Adding the ability to get mutable references to disjoint sections of an image sounds like the most straightforward approach, but I'm really not qualified to give much useful input on this issue.

[nicokoch]

What about providing implementations that run on the GPU, i.e. with openCL or OpenGL compute shaders?

[theotherphil]

That would be great to have. Is there anything in the rust ecosystem already which would help with this? All I can see from a quick Google is https://github.com/luqmana/rust-opencl.

Not directly related, but you might also want to have a look at the discussion here: https://github.com/PistonDevelopers/imageproc/issues/3.

[tafia]

The work on vulkan might probably help, even if it means going into the unknown. On 26 Feb 2016 13:48, "theotherphil" [email protected] wrote:

That would be great to have. Is there anything in the rust ecosystem already which would help with this? All I can see from a quick Google is https://github.com/luqmana/rust-opencl.

— Reply to this email directly or view it on GitHub https://github.com/PistonDevelopers/imageproc/issues/98#issuecomment-189123392 .

[theotherphil]

A totally different, possibly terrible, idea is to write a rust front-end for http://halide-lang.org/.

[nicokoch]

https://github.com/tomaka/glium is a great OpenGL wrapper for rust (I contribute there a lot). It has support for OpenGL compute shaders, which are kind of an alternative to OpenCL.

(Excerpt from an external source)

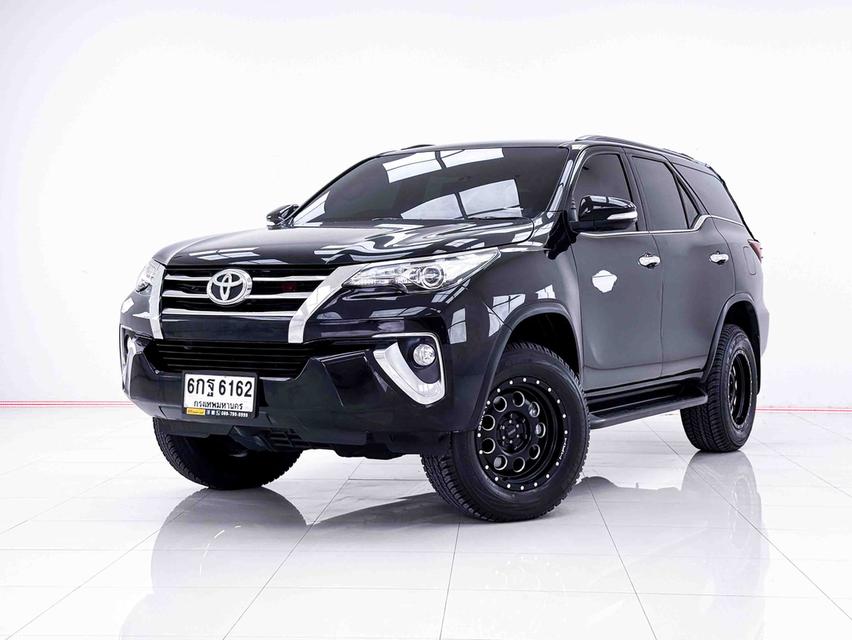 TOYOTA FORTUNER 2.4 V ปี2017 สีดำ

Compute shaders are an OpenGL 4.3 feature though, so not all drivers support them, but neither do all drivers support OpenCL. So GPU acceleration must be a strictly optional feature.

[nicokoch]

I also like the vulkan approach a lot. See https://github.com/tomaka/vulkano for that.

Since shaders in vulkan and opengl are basically the same, this will also have to use compute shaders. The big upside of using vulkan is greater control (i.e. with regards to memory)

[theotherphil]

This sounds like a great feature to have, but it's not something I know anything about. There's already a "performance" branch, which seems like a suitable place for any experiments along these lines.

[nicokoch]

It sounds like a fun task. I will try to put something together in the next days and maybe have some basic benchmarks to see if it's worth the effort.

[theotherphil]

Nice, looking forward to seeing it.

[nicokoch]

Ok, just to give an update on how I've come so far:

Since I'm not willing to run a nightly mesa, I will wait for the 11.3 release to implement a vulkan-based approach. In the meantime I have tinkered with rayon a bit. Turns out the synchronisation overhead causes the pixel iterations to actually slow down when using rayon. Here are the benchmark results when using a parallel canny vs the current (sequential) implementation on a 1250 * 1250 pixel image:

Sequential:
running 1 test
test edges::test::bench_canny                                           ... bench: 578,696,313 ns/iter (+/- 5,821,699)

Parallel:
running 1 test
test edges::test::bench_canny                                           ... bench: 865,148,872 ns/iter (+/- 12,552,160)

I assume this is due to synchronization overhead. With rayon, we have to lock a Mutex (or RwLock) once per pixel. Because usually the work done per pixel is very low, this adds a lot more overhead than the parallel implementation makes it faster.

I will continue doing some research in this area (i.e. splitting an output image into columns and merging them after processing might be a decent approach. Another viable option might be crossbeams lockless data structures, but not sure if they are applicable)

[theotherphil]

Thanks for the update. Yeah, synchronising per pixel sounds pretty painful. If you get something working with chunks (or columns) we can hopefully nick the idea for a lot of other functions too.

[theotherphil]

It turns out that most of the time in the canny benchmark is spent in image::imageops::blur. I've been meaning to implement efficient approximate Gaussian blur via iterated box filters for a while and haven't got round to it. However, you can get a big speed up over the imageops version just by calculating a kernel of f32s and doing the separable filter directly. I'll commit this when I get home today.

[RReverser]

I'll commit this when I get home today.

Hi, I was just wondering if you ever got ~~home 😅~~ around to this?